- Interactive map of Nogoonnuur District
- Country: Mongolia
- Province: Bayan-Ölgii Province

Population (2014)
- • Total: 6,003
- Time zone: UTC+7 (UTC + 7)

= Nogoonnuur =

District in Bayan-Ölgii Province, Mongolia

Nogoonnuur (Ногооннуур, green lake) is a sum (district) of Bayan-Ölgii Province in western Mongolia. It is primarily inhabited by ethnic Kazakhs.
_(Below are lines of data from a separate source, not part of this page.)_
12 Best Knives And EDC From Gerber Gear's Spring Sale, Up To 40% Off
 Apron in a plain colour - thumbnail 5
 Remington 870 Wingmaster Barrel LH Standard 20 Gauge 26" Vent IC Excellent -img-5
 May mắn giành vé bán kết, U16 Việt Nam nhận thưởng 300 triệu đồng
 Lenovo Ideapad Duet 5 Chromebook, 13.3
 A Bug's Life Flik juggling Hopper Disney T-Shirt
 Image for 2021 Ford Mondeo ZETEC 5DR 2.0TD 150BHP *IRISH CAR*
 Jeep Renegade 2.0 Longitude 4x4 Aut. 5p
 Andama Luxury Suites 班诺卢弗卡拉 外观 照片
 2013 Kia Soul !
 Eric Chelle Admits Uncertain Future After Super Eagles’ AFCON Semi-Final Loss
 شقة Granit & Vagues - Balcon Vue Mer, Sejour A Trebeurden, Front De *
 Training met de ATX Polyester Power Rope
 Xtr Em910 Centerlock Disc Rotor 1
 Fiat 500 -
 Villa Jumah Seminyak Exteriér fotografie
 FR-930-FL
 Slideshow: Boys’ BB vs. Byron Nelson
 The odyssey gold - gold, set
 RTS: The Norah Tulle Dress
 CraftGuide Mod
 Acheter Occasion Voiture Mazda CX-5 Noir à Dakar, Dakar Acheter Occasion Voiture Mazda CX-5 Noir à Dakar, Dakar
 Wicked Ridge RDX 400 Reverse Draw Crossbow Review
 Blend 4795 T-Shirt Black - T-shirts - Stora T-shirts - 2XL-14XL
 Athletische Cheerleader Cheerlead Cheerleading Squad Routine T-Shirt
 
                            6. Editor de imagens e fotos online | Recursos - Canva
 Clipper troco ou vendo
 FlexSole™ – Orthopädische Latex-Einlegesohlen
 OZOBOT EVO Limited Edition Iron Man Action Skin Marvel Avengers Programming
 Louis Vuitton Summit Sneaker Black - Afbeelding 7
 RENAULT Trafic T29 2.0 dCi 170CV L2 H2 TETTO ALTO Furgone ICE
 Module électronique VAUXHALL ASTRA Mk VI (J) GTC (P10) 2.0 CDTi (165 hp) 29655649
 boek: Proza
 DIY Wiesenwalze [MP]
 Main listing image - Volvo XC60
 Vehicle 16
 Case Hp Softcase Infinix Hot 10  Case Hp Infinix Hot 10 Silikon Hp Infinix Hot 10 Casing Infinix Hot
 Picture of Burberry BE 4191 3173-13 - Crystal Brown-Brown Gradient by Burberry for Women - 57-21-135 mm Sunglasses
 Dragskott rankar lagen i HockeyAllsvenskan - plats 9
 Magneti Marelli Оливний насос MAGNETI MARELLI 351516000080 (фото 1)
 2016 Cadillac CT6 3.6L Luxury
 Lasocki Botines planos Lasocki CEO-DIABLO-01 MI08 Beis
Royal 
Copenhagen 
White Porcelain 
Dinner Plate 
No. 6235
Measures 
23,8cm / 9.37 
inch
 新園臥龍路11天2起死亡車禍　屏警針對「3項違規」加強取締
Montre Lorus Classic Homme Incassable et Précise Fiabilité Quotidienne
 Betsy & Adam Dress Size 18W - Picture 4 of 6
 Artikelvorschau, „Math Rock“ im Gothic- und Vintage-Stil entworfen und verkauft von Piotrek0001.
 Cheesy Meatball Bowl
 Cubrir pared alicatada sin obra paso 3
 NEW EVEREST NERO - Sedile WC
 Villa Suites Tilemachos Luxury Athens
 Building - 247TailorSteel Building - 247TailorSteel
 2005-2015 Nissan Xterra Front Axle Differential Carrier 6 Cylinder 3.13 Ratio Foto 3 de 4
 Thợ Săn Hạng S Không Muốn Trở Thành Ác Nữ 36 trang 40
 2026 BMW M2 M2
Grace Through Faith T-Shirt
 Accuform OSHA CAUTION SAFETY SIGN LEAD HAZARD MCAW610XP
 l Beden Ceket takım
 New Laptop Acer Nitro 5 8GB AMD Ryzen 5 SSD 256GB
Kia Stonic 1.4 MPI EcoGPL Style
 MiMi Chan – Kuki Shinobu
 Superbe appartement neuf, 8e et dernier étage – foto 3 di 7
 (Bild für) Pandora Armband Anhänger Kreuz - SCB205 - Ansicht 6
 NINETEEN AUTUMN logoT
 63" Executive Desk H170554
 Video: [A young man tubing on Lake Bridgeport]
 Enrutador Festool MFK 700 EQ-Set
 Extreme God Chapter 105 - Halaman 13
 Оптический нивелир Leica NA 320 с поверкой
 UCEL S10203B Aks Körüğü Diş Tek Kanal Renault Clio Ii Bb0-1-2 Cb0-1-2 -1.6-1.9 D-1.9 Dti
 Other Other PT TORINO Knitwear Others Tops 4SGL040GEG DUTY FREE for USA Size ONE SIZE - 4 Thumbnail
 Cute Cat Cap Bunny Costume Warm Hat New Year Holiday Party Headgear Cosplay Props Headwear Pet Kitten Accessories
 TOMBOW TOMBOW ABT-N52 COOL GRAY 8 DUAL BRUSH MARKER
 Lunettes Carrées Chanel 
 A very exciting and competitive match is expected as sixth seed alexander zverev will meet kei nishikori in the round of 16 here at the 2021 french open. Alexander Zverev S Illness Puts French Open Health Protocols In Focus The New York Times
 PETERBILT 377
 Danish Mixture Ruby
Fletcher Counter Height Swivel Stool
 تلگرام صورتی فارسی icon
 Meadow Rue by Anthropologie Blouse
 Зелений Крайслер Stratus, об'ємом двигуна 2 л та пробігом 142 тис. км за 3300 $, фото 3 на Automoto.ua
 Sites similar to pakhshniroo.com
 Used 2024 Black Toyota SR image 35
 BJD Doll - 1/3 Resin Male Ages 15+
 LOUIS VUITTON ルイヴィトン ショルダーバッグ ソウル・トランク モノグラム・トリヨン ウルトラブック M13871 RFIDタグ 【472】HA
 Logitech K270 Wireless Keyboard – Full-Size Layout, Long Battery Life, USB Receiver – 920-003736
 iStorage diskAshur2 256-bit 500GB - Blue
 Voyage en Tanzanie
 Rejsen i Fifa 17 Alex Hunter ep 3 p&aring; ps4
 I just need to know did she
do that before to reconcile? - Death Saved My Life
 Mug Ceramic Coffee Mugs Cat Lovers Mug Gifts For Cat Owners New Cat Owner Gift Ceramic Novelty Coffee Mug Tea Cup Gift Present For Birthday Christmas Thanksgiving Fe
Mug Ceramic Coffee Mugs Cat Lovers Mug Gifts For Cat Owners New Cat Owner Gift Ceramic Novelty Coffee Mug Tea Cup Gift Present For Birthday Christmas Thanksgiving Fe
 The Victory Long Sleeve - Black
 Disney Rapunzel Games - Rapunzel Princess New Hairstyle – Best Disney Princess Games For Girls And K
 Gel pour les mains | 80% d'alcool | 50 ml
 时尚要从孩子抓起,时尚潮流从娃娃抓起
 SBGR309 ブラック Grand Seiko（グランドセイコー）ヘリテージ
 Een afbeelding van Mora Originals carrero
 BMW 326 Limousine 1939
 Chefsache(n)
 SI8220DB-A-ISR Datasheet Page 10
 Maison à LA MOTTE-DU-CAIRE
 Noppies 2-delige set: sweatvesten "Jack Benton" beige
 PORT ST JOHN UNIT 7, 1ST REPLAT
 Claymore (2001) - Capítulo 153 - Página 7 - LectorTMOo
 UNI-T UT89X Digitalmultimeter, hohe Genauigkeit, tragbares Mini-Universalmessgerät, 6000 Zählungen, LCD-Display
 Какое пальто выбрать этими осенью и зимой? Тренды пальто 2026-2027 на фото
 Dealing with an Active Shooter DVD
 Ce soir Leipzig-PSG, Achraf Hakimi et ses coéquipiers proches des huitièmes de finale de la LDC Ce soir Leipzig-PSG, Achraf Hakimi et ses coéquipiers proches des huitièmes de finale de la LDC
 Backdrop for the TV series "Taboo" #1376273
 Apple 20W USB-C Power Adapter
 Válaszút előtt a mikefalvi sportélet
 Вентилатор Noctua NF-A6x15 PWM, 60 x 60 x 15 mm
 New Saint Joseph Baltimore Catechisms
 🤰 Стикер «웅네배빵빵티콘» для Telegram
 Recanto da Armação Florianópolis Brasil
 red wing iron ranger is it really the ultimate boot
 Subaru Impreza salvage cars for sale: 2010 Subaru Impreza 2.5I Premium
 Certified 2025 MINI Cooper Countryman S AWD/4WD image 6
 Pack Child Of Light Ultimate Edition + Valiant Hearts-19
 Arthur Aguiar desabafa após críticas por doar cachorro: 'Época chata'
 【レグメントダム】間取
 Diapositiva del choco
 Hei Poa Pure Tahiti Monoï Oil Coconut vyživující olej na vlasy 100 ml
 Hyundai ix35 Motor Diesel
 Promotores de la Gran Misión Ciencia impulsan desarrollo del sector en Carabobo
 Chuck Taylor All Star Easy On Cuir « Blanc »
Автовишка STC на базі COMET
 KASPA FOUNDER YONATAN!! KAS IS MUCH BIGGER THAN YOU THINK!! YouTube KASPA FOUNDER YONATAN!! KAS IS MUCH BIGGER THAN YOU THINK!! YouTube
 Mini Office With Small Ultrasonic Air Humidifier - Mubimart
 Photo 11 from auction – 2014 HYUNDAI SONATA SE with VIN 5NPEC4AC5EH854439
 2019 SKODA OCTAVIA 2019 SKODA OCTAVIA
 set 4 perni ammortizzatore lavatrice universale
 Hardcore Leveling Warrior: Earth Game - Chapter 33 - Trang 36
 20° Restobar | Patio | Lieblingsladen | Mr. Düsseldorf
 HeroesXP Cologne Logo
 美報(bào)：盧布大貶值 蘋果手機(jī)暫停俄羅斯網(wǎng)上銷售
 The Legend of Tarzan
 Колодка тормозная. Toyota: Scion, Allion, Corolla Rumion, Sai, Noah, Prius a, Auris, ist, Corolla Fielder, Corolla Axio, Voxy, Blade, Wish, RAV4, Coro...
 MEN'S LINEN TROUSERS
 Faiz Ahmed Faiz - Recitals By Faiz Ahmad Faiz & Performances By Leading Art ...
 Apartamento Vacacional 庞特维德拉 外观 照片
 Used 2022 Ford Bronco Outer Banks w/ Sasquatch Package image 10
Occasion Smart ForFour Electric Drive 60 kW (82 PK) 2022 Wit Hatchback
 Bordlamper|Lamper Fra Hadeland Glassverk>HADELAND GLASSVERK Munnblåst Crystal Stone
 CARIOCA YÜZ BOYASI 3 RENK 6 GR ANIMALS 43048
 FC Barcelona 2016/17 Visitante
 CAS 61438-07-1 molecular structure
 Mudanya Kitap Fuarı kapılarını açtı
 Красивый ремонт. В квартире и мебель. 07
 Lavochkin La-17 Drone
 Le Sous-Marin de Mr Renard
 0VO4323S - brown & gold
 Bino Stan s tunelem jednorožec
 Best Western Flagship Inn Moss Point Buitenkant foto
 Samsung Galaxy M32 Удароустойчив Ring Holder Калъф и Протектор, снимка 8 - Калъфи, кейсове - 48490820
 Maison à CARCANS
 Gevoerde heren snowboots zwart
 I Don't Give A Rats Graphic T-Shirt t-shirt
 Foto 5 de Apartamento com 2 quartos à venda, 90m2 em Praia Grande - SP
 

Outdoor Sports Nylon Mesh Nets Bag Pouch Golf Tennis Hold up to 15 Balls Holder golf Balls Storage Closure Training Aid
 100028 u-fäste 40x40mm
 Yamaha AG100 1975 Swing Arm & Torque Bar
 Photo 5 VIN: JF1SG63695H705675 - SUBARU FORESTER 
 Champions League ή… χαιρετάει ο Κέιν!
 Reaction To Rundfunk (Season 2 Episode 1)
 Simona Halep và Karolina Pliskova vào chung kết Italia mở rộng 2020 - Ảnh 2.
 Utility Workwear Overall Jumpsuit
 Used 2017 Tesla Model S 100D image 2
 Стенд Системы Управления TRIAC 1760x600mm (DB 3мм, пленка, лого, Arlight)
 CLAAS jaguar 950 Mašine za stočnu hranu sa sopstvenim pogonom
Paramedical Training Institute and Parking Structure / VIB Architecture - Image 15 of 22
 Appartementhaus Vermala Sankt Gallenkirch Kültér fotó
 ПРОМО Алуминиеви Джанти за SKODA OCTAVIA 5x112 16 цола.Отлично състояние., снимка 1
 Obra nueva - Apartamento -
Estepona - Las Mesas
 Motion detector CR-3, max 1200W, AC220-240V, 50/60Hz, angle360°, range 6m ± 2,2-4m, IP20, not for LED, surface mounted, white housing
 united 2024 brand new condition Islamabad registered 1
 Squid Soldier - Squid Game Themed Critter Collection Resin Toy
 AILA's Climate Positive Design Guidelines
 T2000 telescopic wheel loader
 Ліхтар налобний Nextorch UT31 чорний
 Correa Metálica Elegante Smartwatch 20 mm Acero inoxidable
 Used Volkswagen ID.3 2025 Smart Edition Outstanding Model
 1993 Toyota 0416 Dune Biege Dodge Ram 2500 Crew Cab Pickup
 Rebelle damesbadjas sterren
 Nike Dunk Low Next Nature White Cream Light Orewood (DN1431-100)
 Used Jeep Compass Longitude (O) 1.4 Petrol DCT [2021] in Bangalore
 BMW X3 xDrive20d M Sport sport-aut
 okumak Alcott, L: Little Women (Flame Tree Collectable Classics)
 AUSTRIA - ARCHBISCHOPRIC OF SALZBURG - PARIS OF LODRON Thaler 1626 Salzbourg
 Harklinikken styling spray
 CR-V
As of 2014 it had a population of 6003 people.

==History==
The district was established in 1952.

==Administrative divisions==
The district is divided into 12 bags, which are:
- Achit nuur
- Asgant
- Bakhlag
- Chikhtei
- Khasiin ulaan
- Khovd
- Morin tolgoi
- Shar govi
- Tsagaanbuur
- Tsagaannuur
- Ulaan chuluu
- Yamaat

==Geology==
The district consists of three protected areas, which are Selhemiin B region, Achit Lake area and Devel area.

==Economy==
Part of the potentially valuable Asgat Ag-Sb deposit is within Nogoonnuur where the Asgat mine is situated on the border with Russia. Livestock is another major economic sector in the district with total livestock amounted 230,000.

==Infrastructure==
The district has a total of 689 water wells, in which 410 of them are for drinking.